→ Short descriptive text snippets
________________

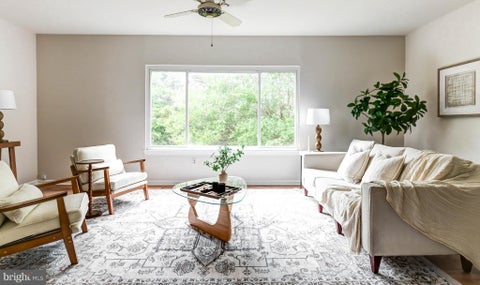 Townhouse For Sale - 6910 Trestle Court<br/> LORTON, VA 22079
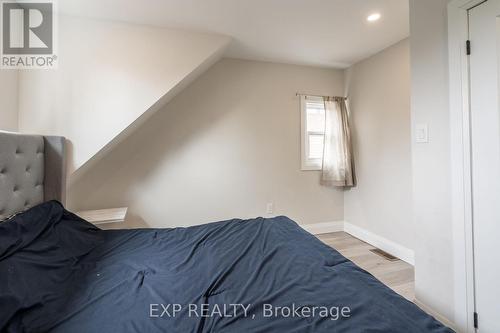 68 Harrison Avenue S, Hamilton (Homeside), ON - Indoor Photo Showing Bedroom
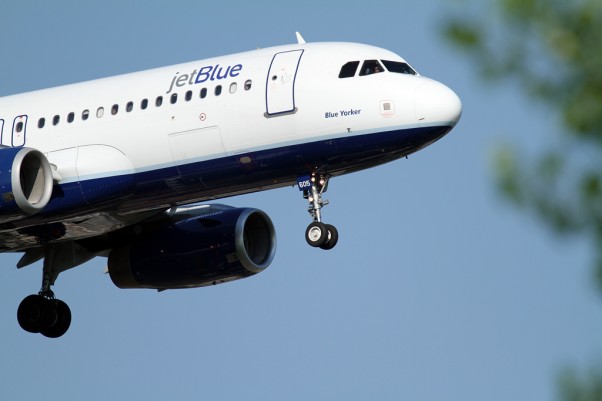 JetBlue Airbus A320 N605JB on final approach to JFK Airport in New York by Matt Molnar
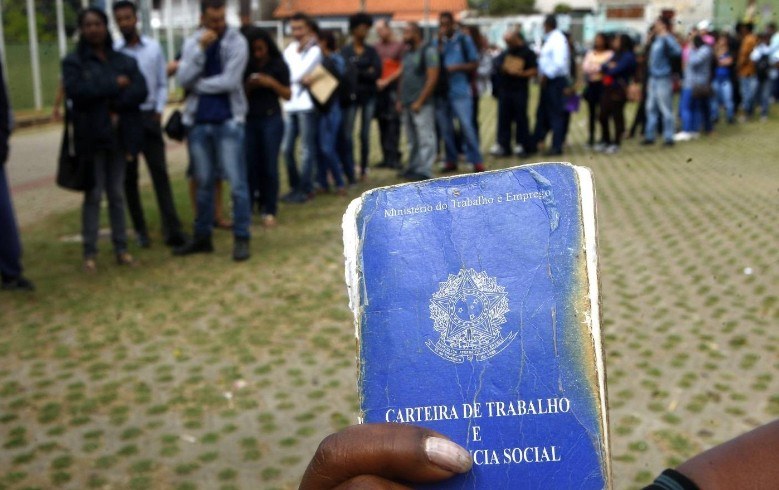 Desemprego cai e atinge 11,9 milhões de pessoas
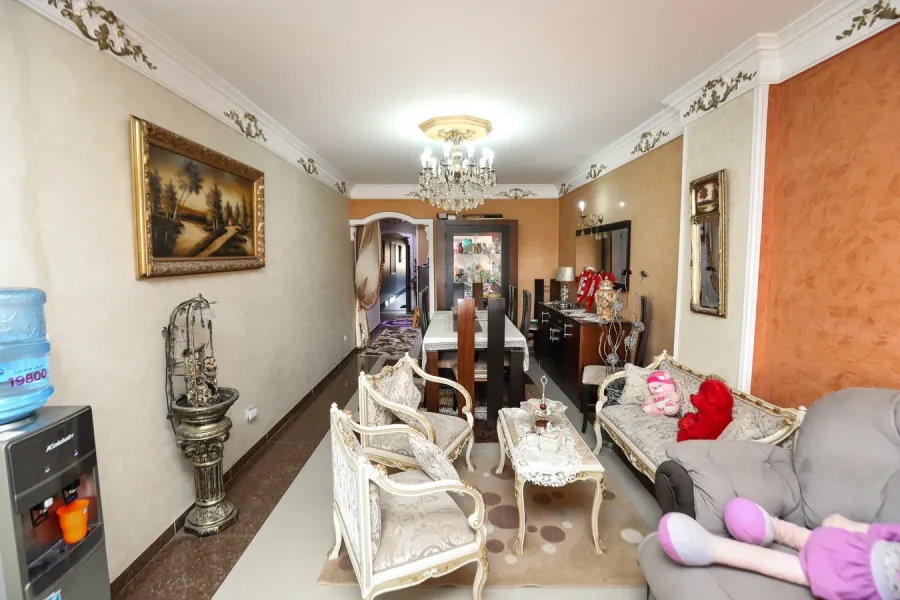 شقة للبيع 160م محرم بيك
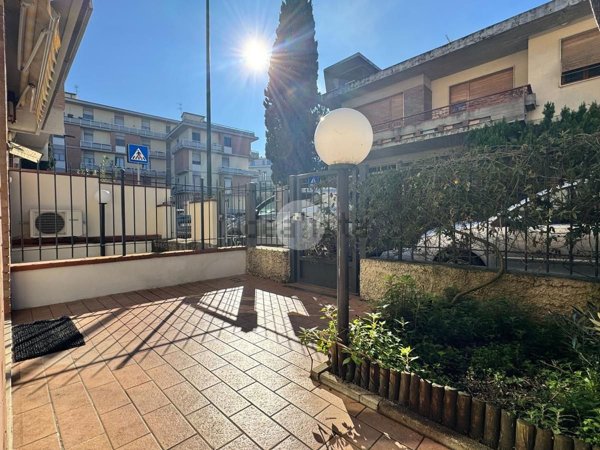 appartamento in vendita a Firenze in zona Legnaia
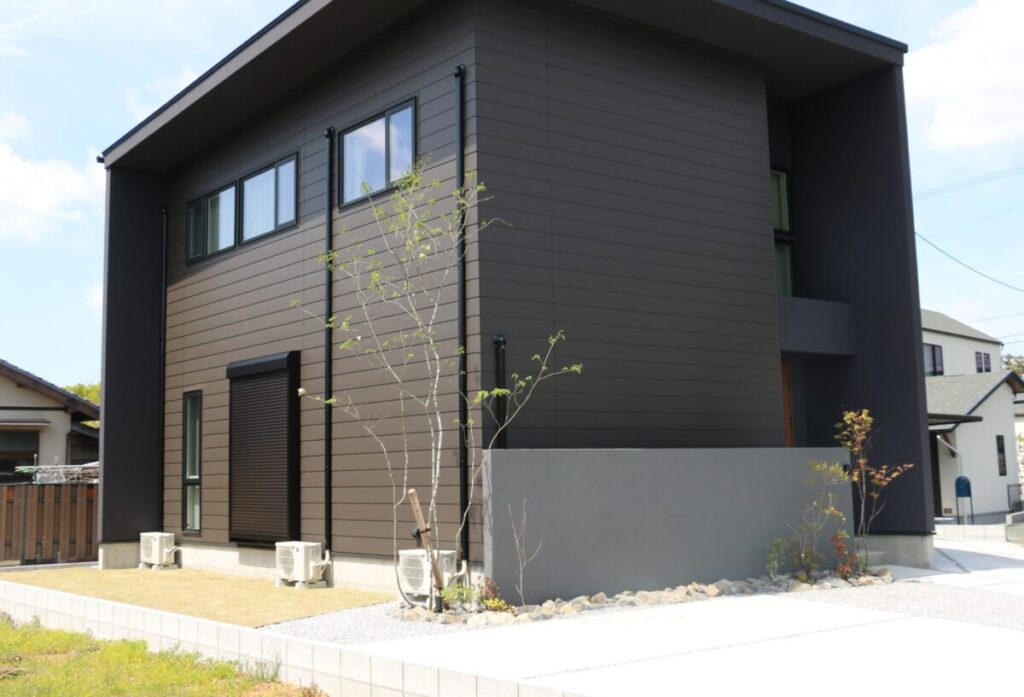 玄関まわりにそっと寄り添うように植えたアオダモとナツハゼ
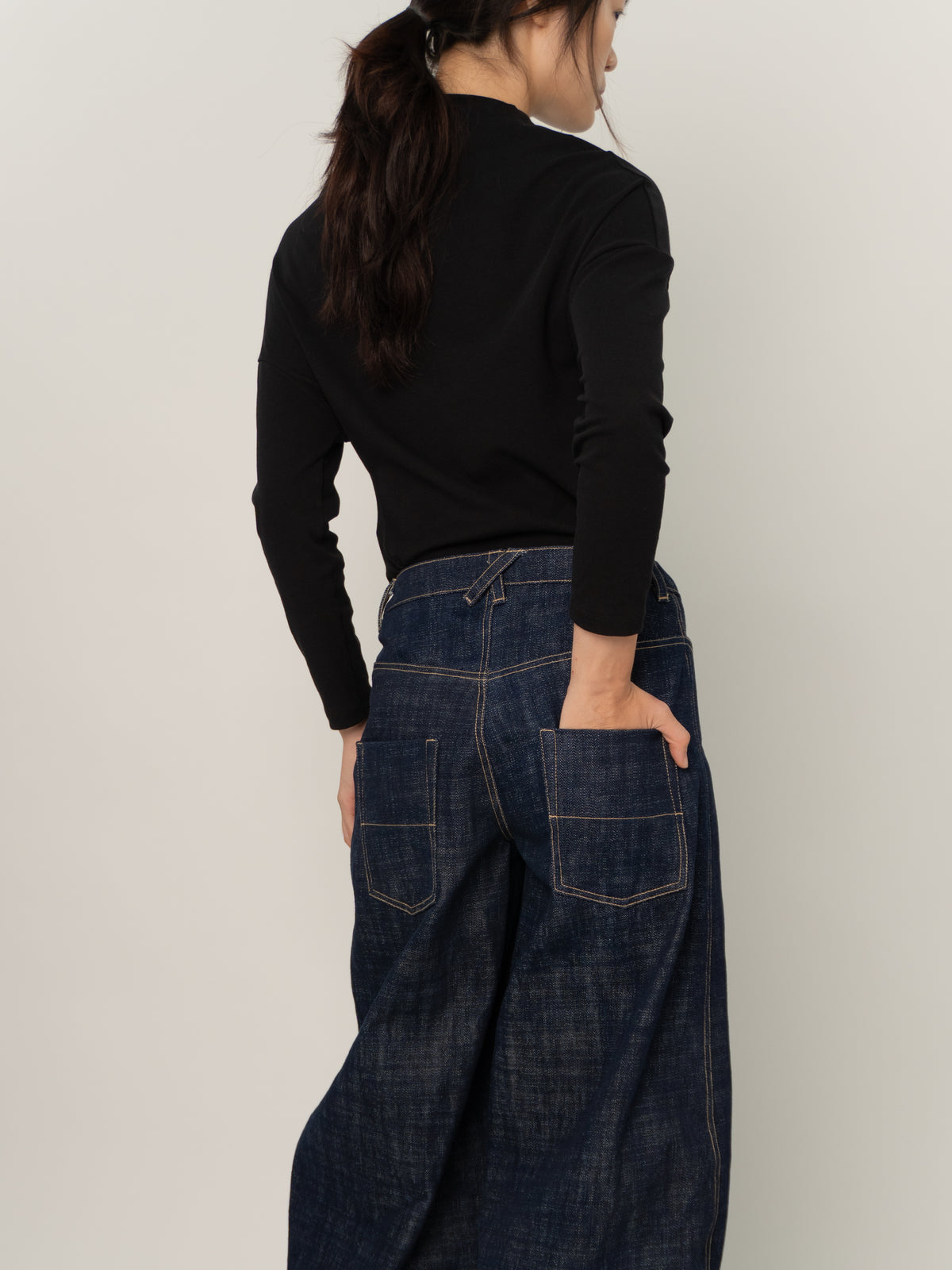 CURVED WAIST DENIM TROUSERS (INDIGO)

________________

→ Work instruction
Your answer must be an exact copy of the lines from the line with "68 Harrison Avenue" to the final line of the data, both ends included, and no pictures.

→ Solution for this exercise
 68 Harrison Avenue S, Hamilton (Homeside), ON - Indoor Photo Showing Bedroom
 JetBlue Airbus A320 N605JB on final approach to JFK Airport in New York by Matt Molnar
 Desemprego cai e atinge 11,9 milhões de pessoas
 شقة للبيع 160م محرم بيك
 appartamento in vendita a Firenze in zona Legnaia
 玄関まわりにそっと寄り添うように植えたアオダモとナツハゼ
 CURVED WAIST DENIM TROUSERS (INDIGO)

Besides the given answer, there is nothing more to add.